On Sat, May 3, 2014 at 3:05 PM, Kevin Walzer <kw / codebykevin.com> wrote:
> On 5/3/14, 3:24 PM, Felipe Contreras wrote:
>>
>> If you lose him because of a disagreement on how "%s %z" should be
>> parsed (and he disagrees with everyone on this), maybe he wasn't worth
>> working with in the first place.
>
> In most open source projects, maintainers of a module/library/component of
> the core library are the final arbiter of what patches are accepted into
> their domain. Patches may be rejected for any reason or no reason.

That is simply not true.

> Speaking as the maintainer of a significant upstream component of Ruby (Tk's
> Mac bindings), I am grateful for patches. The submitter may very well be
> smarter than me about the subject in question and I am happy to commit their
> patch if the use-case is reasonably well-explained, and causes no
> side-effects when applied.
>
> However, sometimes I do not accept patches.
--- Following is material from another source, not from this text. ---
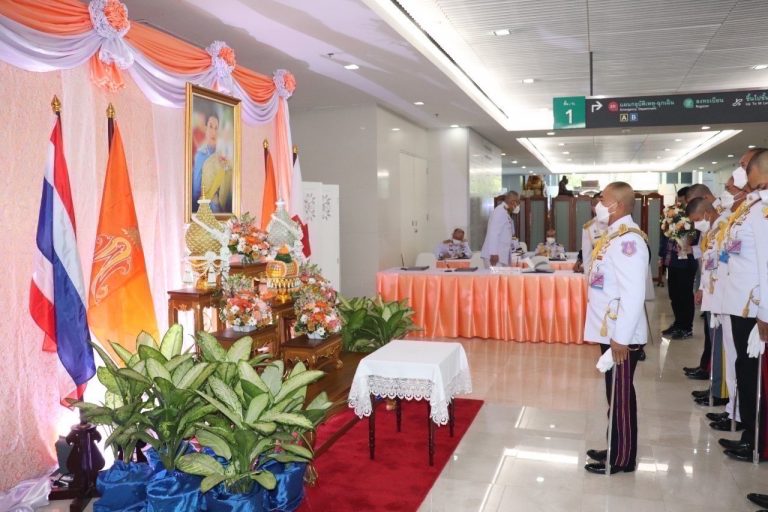พล.ท. ปิยพงศ์ กลิ่นพันธุ์ ผบ.รร.จปร. นำกำลังพลร่วมลงนามถวายพระพร สมเด็จพระเจ้าลูกเธอ เจ้าฟ้าพัชรกิติยาภา นเรนทิราเทพยวดี กรมหลวงราชสาริณีสิริพัชร มหาวัชรราชธิดา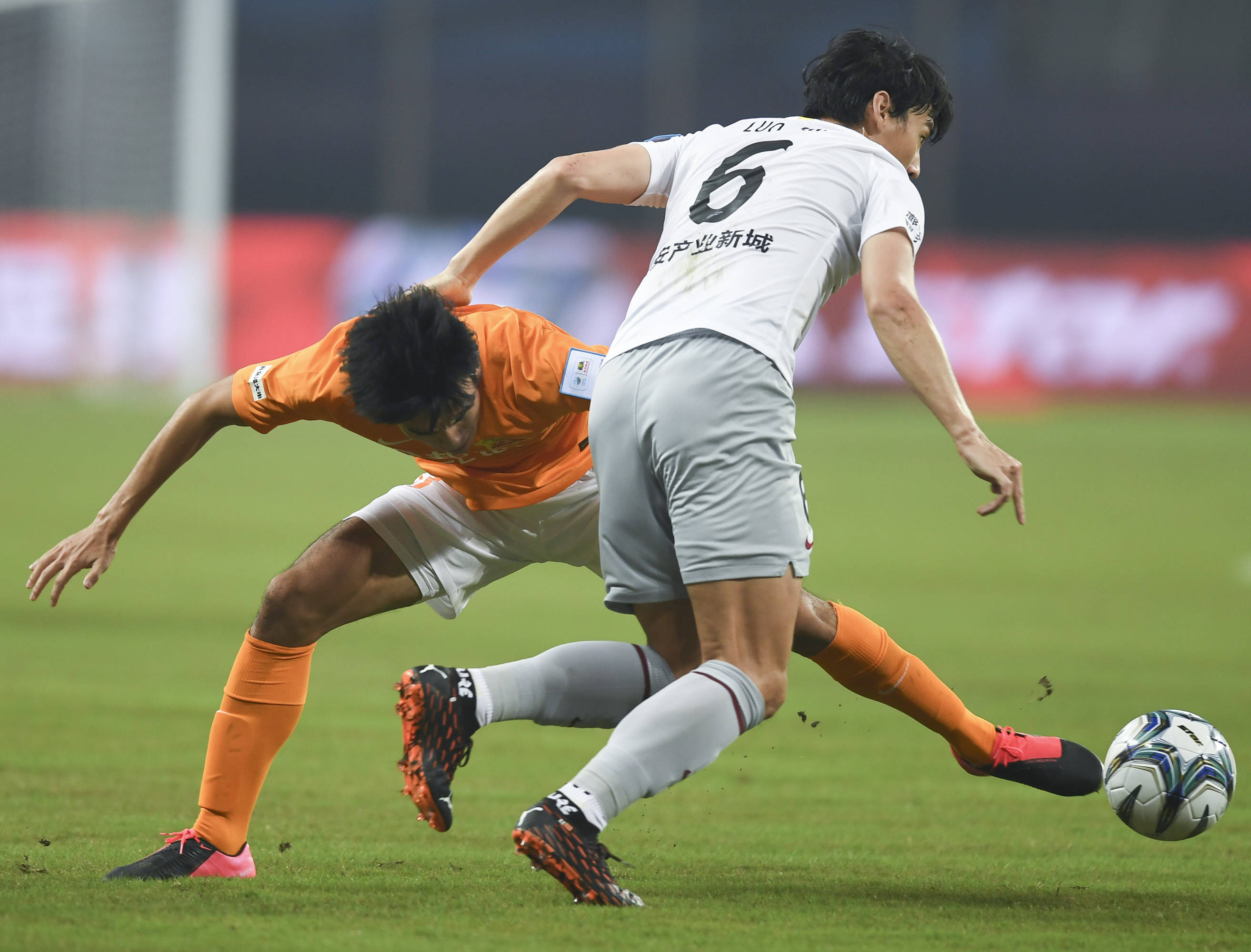 关于河北华夏幸福保持不败，与武汉卓尔交手的信息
This could be because I don't
> understand the use case for the patch, do not agree with the solution to the
> problem, or do not agree that the issue in question *is* a problem. In such
> cases, the only time I would expect to be second-guessed by another member
> of the project would be if their technical expertise were greater than or
> equal to mine.

In most projects when one or more maintainers of other modules might
disagree, and then there's always a leader (e.g. Linus Torvalds) that
makes the final decision. So no, in most projects the module
maintainers are not the final arbiters of what goes in those modules.

> In most cases, the "consensus" you are looking for simply does not exist.

But in this case there is. That's why Time.strptime() got fixed,
Rubinius's Time.strptime() got fixed, and Rubinius DateTime.strptime()
got fixed.

> Patches are not reviewed by a committee, patches are typically reviewed by
> individuals who provide expertise that other members of the project lack. If
> an individual with unique or significant expertise leaves a project, there
> simply may not be anyone to replace him or her. When the maintainer involved
> is the original author of the code, this is especially true. Matz has
> indicated as much with the maintainer in question.

There is a concept know as the "bus factor" that measures how
concentrated is the knowledge shared in the team. If losing a single
developer can cause such big problems, that's not ideal.

> I can also echo others in this thread that the arrogance you have displayed
> in your comments far overshadows any technical merit your arguments might
> have. In my own domain, I welcome constructive disagreement and can even be
> persuaded by it, but if you come at me with the kind of combative attitude
> you have displayed, I will end the discussion quickly and advise you to
> maintain your own fork of the code with your patch applied--that is, after
> all, one of the benefits of open source.

So you don't care what is better for the Ruby project, you just want
to have nice and pleasant discussions. Got it.